We wear textiles and decorate our homes with them. So why would we bury some of them underground? Well, some textiles are made for special industrial purposes like separating rocks from soil. They're called geotextile fabrics.

Geotextile fabric being used to separate layers of materials
Geotextile fabric as a barrier layer

Geotextile fabrics are synthetic or man-made materials that are strong, resistant to rot, and have varying degrees of permeability. Permeability means their surfaces have very small openings that allow liquid or gases to pass through.

Geotextile fabrics are made from many kinds of materials, including polyester and polypropylene.
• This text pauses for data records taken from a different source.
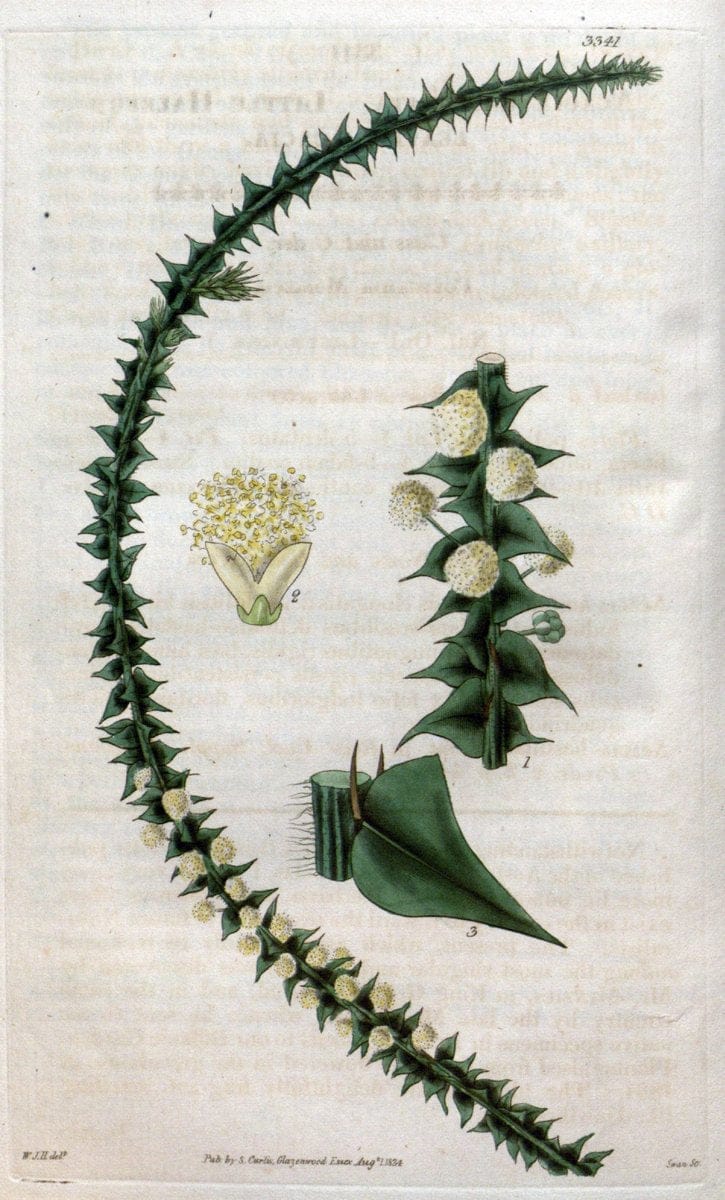 Curtis's botanical magazine..London ;New York [etc.] :Academic Press [etc.]. |  | Vintage Print Reproduction 453540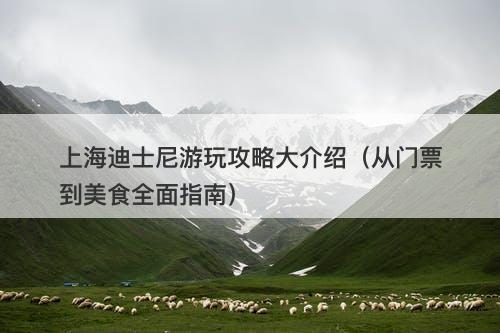 上海迪士尼游玩攻略大介绍（从门票到美食全面指南）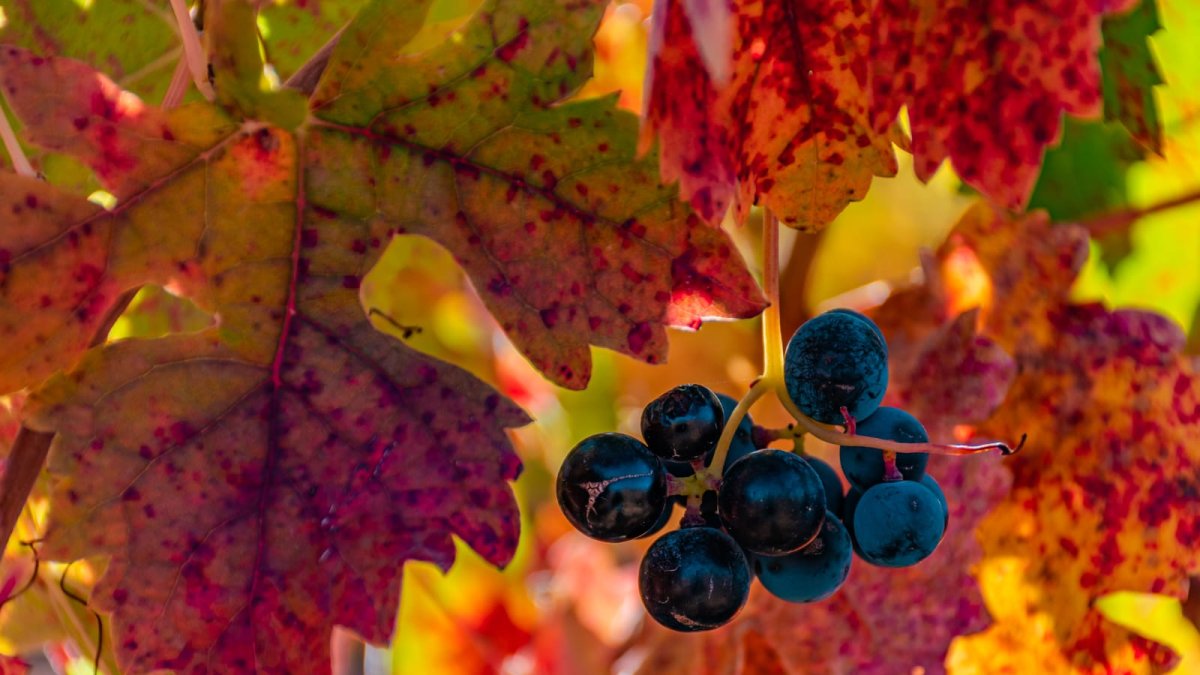 Imagen de un viñedo de la Ribera del Duero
These special fabrics were first used in the 1950s, and the term 'geotextiles' was coined in 1977 at a Paris engineering conference.

Geotextile fabrics are usually made in two ways:

  1. Woven geotextile fabrics are made by interlacing flat or round strands of material at right angles.
  2. Non-woven geotextile fabrics, which resemble felt, are often made by needle-punching, where barbed needles push through layers of fibrous webs of material over and over again. This repeated action creates very permeable textiles that are also known as filter textiles.

Functions of Geotextile Fabrics

Geotextile fabrics have five basic functions. They can:

  • Separate layers of materials and keep them from sinking or disintegrating into each other.
  • Drain areas where water pools while keeping soil in place.
  • Serve as effective filters, catching some materials to prevent drains from clogging.
  • Reinforce earthen structures like drains and dikes by holding layers in place.
  • Protect and guard against erosion in places like roads and beaches.

These functions make geotextile fabrics useful in many industries, especially construction and civil engineering.

Uses of Geotextiles

Among their many uses, geotextile fabrics provide erosion control, help with drainage, and help with soil stability. Concerned about high water runoff and soil erosion? Geotextiles might be the answer. They're are used below ground layers to reinforce roadbeds and airport runways. They cover and protect soft subsoils on construction sites.

They're also used in places we enjoy like beaches, where they help with seawall reinforcement and reduce beach erosion. They can also protect us from areas that are not pleasing like in lining systems for landfills.

Geotextile fabrics come in many different types and weights of fabric. Lightweight geotextiles are used in drainage, landscaping, and filtration where they help allow water to escape but don't need to support structures.